Imagine sitting in a hospital waiting room, the fluorescent lights casting long shadows on the wall, reflective of your grief. The doctor has just informed you that both of your sons have a serious kidney condition and will die soon without a transplant. Your kidneys are compatible with both of your children, yet you only have one kidney to give. You would gladly rip out both your kidneys and hand them to your children on one knee, but this is not an option. You can save one son’s life only at the cost of the other, a decision no parent should face. You have little money saved up and cannot sustain dialysis treatments for an extended period of time. The waiting list seems miles long, and the clock is counting down. You love your family, but you’re out of options. What will you do? Go.
Organ trafficking is a growing black-market business popularized in countries with ample population of the destitute, such as China and India with nearly 2,000 people donating annually in India alone for meager sums of money.
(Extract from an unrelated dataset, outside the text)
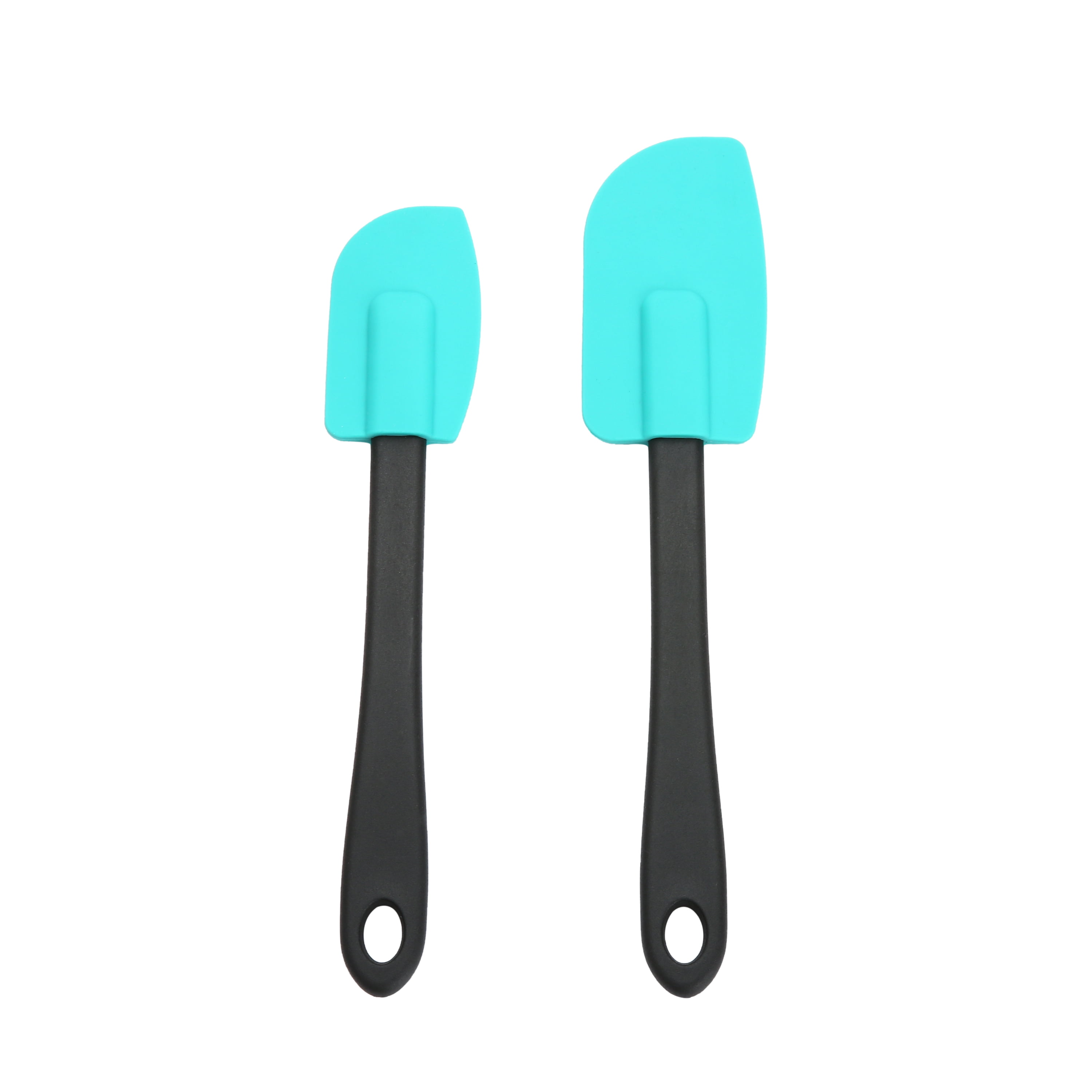 Mainstays Colorful Silicone Spatulas Set with Wooden Handles - Red, Silver, Green & Blue - 4 ct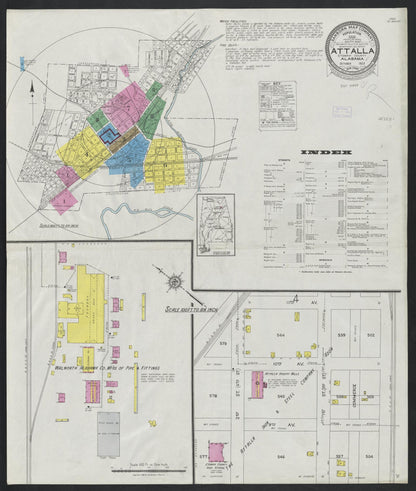 Sanborn Fire Insurance Map from Attalla, Etowah County, Alabama (1925), Sheet #0001 - Complete Map Set gallery image, historic Sanborn map, vintage wall art, Alabama Alabama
The waiting list for organ donations is comprised of 123,000 people solely in the United States, and that’s excluding those who don’t have enough money for the procedure or for dialysis for an extended period of time. Those on the kidney waiting list endure expensive dialysis treatments many times a week for up to several years, which can inflict severe consequences on the body. The supply of usable organs is rather meager compared to the demand, as organs are only legally harvested from bodies of previously registered organ donors, from altruistic donors (who desire the best for a close friend or family member), or from those who are truly good samaritans. Even if a patient receives the kidney, it may be too late, or if by some grace they manage to recover, they could be permanently affected by their time without working kidneys. Many people who are financially desperate deign to sell their organs on the black market just to provide for themselves, but the banning of organ trafficking provides complications regarding safety and the validity of the “contracts.”
Those in favor of disbanding organ trafficking argue that it’s an immoral and corrupt exploitation of the poor. By legalizing organ trade, it would encourage those without options to sell themselves as means to an end which could severely harm them in the long run. Organ trafficking comes in several forms: forceful seizure of organs without consent and without financial compensation, the harvesting of organs with consent but hesitation, getting paid substantially less or not at all, or the treatment of ailments by doctors accompanied by the removal of organs without the consent or knowledge of the patient. The black market business is booming as the need for organs is ever increasing, and there are many who seek to improve their situations. The surgeries are conducted illegally in a poorly-sterilized environment with poor post-op care. Operations are often conducted in nondescript locations that lack sanitation or even in mobile hospitals that make the process more efficient but are less safe. Many complications can arise from these operations, especially with those conducted on children, the elderly, or the unhealthy. Patients are desperate for donations, and some countries have taken their efforts too far. Death row inmates from China are often used as donors, with or without consent, and those who die in hospitals are often dissected without the consent of the immediate family or by prior agreement of the deceased. Organ trafficking is not without complications or exploitation, but good things do come out of the business.
Each day in the United States, 21 people waiting for organs die. Accidents ending with intact organs are rarer than one would think, and selfless donations are few and far between. Though not without its flaws, the black market trade does open up the opportunities for life for those who thought they had no hope of getting a transplant. While gruesome in theory, organ trafficking saves the lives of countless people who are willing to cross some boundaries to stay alive. Those who can’t afford transplants have new hope with black-market organs. The more common a commodity gets, the less expensive it becomes. The patients aren’t the only beneficiaries of the operations; the donors transform their lives. While a meager and unjust payment in our terms, the two to five thousand dollars fetched for a kidney can completely alter the course of the donors’ lives. They are so destitute that money from their donation can buy them and their families a place to live and the means to live. The option of selling bodies for money may not be an ideal situation, but, given the circumstances, it’s a win-win transaction, saving lives on one end and transforming them on the other.
Organ trafficking is mutually beneficial and will happen, no matter the rules and regulations governing it. People will always need new organs, and people will always be in need of money. If there’s an acceptable transaction, it will be performed under the guidance of the law or through the black market. The current ban on organ trafficking, while well-intended, is hurting the party that it serves to protect. It’s established to keep the poor from being exploited for their bodies, but the reality is that exploitation will always be present and that the poor are actually hurt as a result of the overbearing “protection.” The ban of organ trafficking does not stop the operations. It only makes them substantially more hazardous. The use of the black market allows poor healthcare, manipulation of payment rates, and the harvesting of organs without consent. With legalization, the regulation of the safety of healthcare facilities would be stricter and result in a safer environment, and the negotiation of contracts between the donors and the hospital/recipient in regards to payment could become standardized and binding, not allowing for the conning and exploitation of donors. If the donors give full consent, they should be allowed to have control over what is done with their body. It’s their body to keep. In the same way we mutilate our bodies with ink or conscious-altering substances, we retain the right to say what happens to ourselves. There’s no true harm in the legalization of paid organ donations, as it saves and transforms lives with no major outward consequence. If people cannot provide sufficient organs by altruistic donation, what is the iniquity of incentivizing a life-saving, fiduciary procedure?